"You find that a team of ornithologists debating and discussing an image gets an even better 0.1% performance, so you define that as “human-level performance.” After working further on your algorithm, you end up with the following:
|Human-level performance|0.1%|
|Training set error |2.0%|
|Dev set error |2.1%|
Based on the evidence you have, which two of the following four options seem the most promising to try? (Check two options.) "
Hi there !
I’m having difficulties to understand why there are TWO responses in this question. What I understood from this course are :
Train a bigger network reduce avoidable bias (this one is ok)
Get a bigger training set and/or adjust regularization reduce variance
I was wright on the first one but I cannot understand why I should reduce the variance here, the training error and the dev error are close which tells me that my model is generalizing well.
Can someone turn on some lights for me please ?
I also questioned about this question. In case, we have to both lower training error by training a bigger network and reduce variance. Why shouldn’t both increasing regularization and getting a bigger training set be correct?
When analyzing performance of our model, the rule of thumb to achieve a low error on the train set first. It also means that we address a high bias problem first.
Hello, @manifest . I have one more question. How can we train with longer time? I have heard a couple of times but not understand why it helps reduce bias. Thanks.
When we talk about training, we usually assume that we use a minibatch method. That means we train our model in iterations and use a fraction of the training set on each iteration.
When we’ve trained our model on the entire training set (i.e. have finished the first epoch of training), we may continue training by repeating the training examples.
Because our model has never observed the entire training set, the model may continue to learn some useful information from repeated training examples. We typically shuffle training examples to increase this effect.
Training for longer time simply means using more iterations.
We should be careful though, because repeating the same training examples increases a risk of overfitting.
I am also having issues with this thread, specially because I actually selected “get a bigger training set to reduce variance”, and my answer came as WRONG stating as justification that: “No. Bias is higher than Variance”. If training error is 2.0% and dev error is 2.1%, is bias Higher than Variance?

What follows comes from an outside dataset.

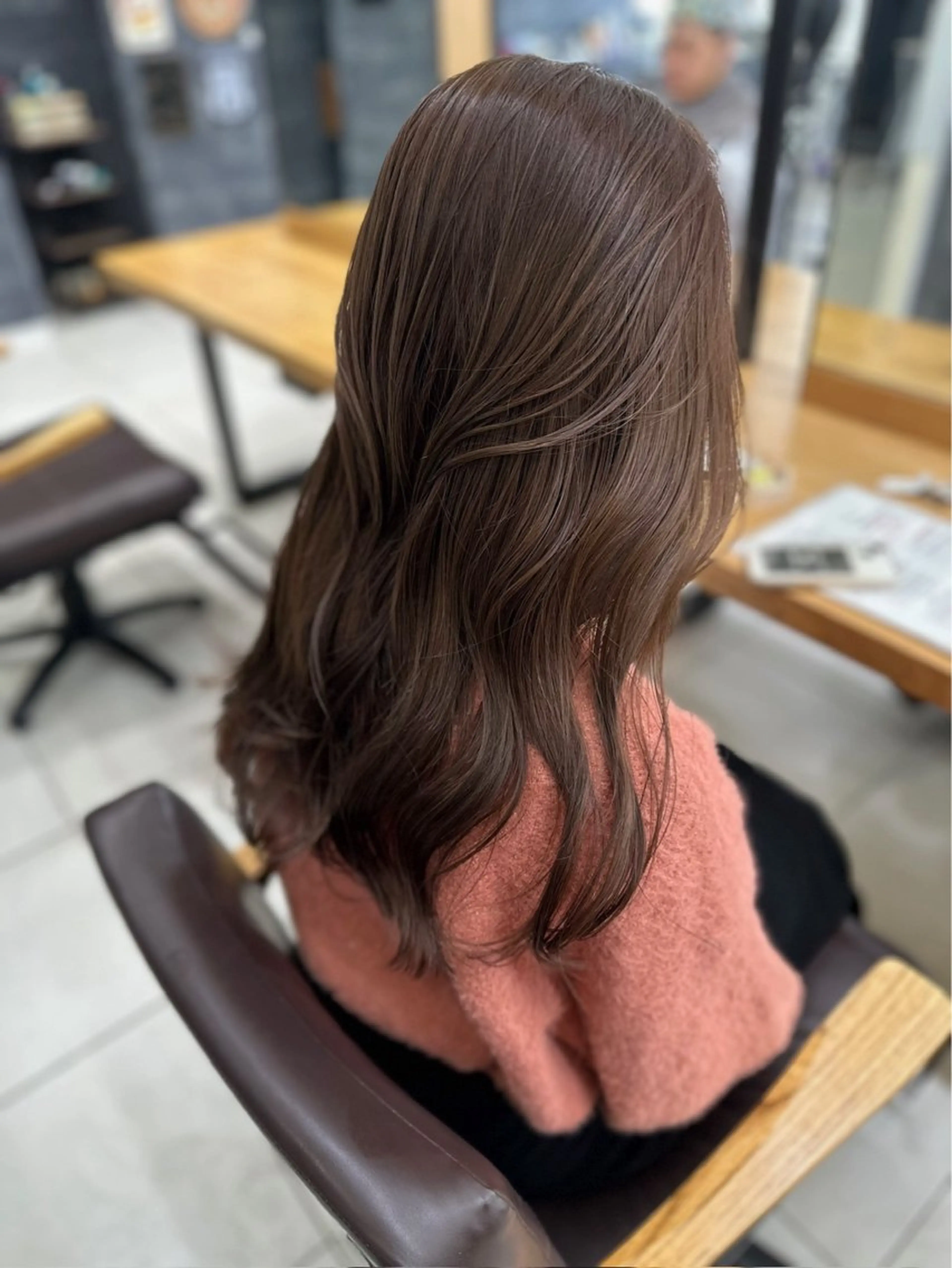 ロング ヘアカラー 髙宮壮真/メンズ 🍑暖色カラー🍑のヘアスタイル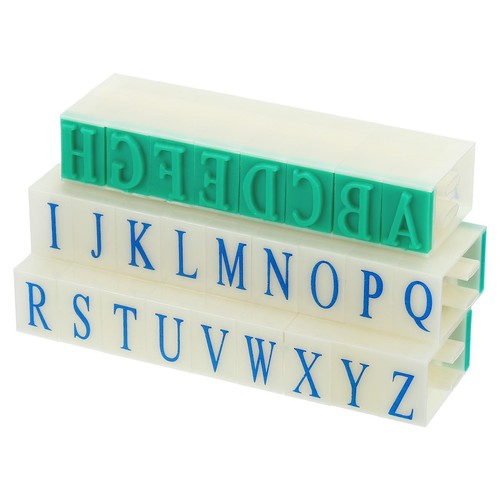 Détachable lettre tampon 26 - lettre,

All these questions are subject to a certain amount of interpretive leeway. My take on this one is that what they really meant by their “feedback” comment is not so much that “Bias is greater than Variance” as an absolute number, but that Bias is the primary problem here and the thing that you need to address as the “first order of business”. If the Human Error (or another model) can produce an error of 0.1% and your model produces > 2% error on both training and dev data, then your first task is to figure out how to lower the error. In other words “remove avoidable bias”. So a more expressive network architecture is one potentially useful step, but getting more training data will probably not help in that scenario, right?
Hi Paul.
I want to know how can I get all the correct answers once I pass the test. For example , I get 80 points and pass the test, but there are still three wrong answers. How do I konw what the correct answer are
Thank you in advance
Lijiang
Sorry, but there are no official quiz answers in the same way there are no official solutions to the programming assignments. If you can’t find the question discussed here on Discourse, then your only recourse is to keep trying different answers until you find the right ones. Of course that is a hassle, since a) you’re limited to 3 tries per 8 hours and b) some of the quizzes are dynamic and don’t give exactly the same questions every time. So the “exhaust the possibilities” strategy may take a while.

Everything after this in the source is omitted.